Article by Andrew Trinh
“We’ve Golden Soil and Wealth for Toil”, but will International Workers Address our Skills Shortages?
Australia is (almost) ready to reopen its borders. It’s a timely decision as various industries have announced their appetite for growth as they move from recovery to expansion.
Infrastructure Australia reports a workforce supply gap of almost 93,000 jobs by 2024 based off known and committed public infrastructure works. Curiously, The Tech Council of Australia aims to deliver one million tech jobs by 2025. It, too, is projecting a shortage of 93,000 tech jobs.
December 1st would have seen the return of fully vaccinated international students and eligible visa holders, but the decision has been delayed by at least a fortnight due to the new Omicron variant.
According to INSEAD’s 2021 report, Australia ranks as the 11th most competitive talent magnet: highly capable of attracting, growing, and keeping global talent.
However, there will be countries in similar positions trying to hold onto their own skilled workers.
It’s a competitive field, with traditional adversaries in the United States, United Kingdom, and non-traditional newcomers Japan, Canada, and Kazakhstan identified in the global war for talent.
However, the Federal Parliament’s Migration Committee concluded Australia must do more to remain competitive, offering more attractive residency pathways and work rights, particularly for students.
While skilled workers and students are highly sought after, Australia has an untapped workforce, including refugees from Iraq, the Democratic Republic of Congo, and Myanmar.
Betina Szkudlarek from the University of Sydney Business School says refugees shouldn’t be seen as “a generic pool of low-skilled employees…They are extremely diverse [and] every employer could find a very driven, committed employee within that talent pool.”
While high-level discussions around visa and permanent residency pathways are part of the solution, it is a businesses’ responsibility to attract and retain their talent.
Lockdowns have reconstituted workplace practices, and new standards about where and when employees can work have been set. Successful experiments in remote productivity have resulted in a renewed demand for work-life balance and consideration for work satisfaction.
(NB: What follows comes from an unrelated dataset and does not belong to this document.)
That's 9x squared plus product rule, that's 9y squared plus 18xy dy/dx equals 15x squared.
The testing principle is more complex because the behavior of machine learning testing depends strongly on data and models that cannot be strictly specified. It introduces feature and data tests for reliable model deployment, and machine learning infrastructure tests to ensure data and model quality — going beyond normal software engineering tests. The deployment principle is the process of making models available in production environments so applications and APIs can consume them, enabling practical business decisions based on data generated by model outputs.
Today’s market is an employee’s market. Employees are not only considering how they work but why.
Countless post-covid studies from Gallup, McKinsey and Company, and others say the same thing: it is about the employee experience.
However, this isn’t new. Consider Herzberg’s Two-Factor Theory from the 1960s. These are the factors that cause job satisfaction and dissatisfaction.
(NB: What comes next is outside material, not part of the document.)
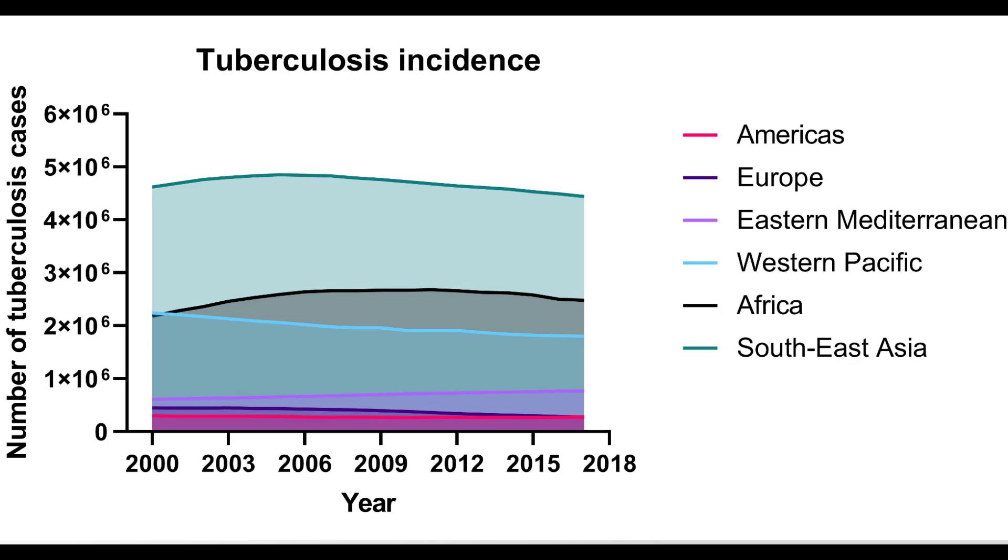My name is Dr. Stephen Bradburn from toptipbio.com and in this video tutorial I'm going to show you how to use GraphPad to create and interpret an area graph.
Critical to understanding this theory is that improving one side of the equation does not necessarily improve the other.
For example, increasing a worker’s salary for the same position is not a replacement for additional responsibilities or personal and professional growth. In addition, seeking employees’ feedback and plotting them on the matrices will help determine the factors which need attention.
Managers and employers must improve all factors to attract and retain their staff. These strategies will be critical to every business if they are to address their skills gaps.
INSEAD advises that: in the post-covid era, “organisations that focus on outcomes and flexibility will attract the best and the brightest”.
In the coming months, thriving organisations will be those aiming to be employers of choice.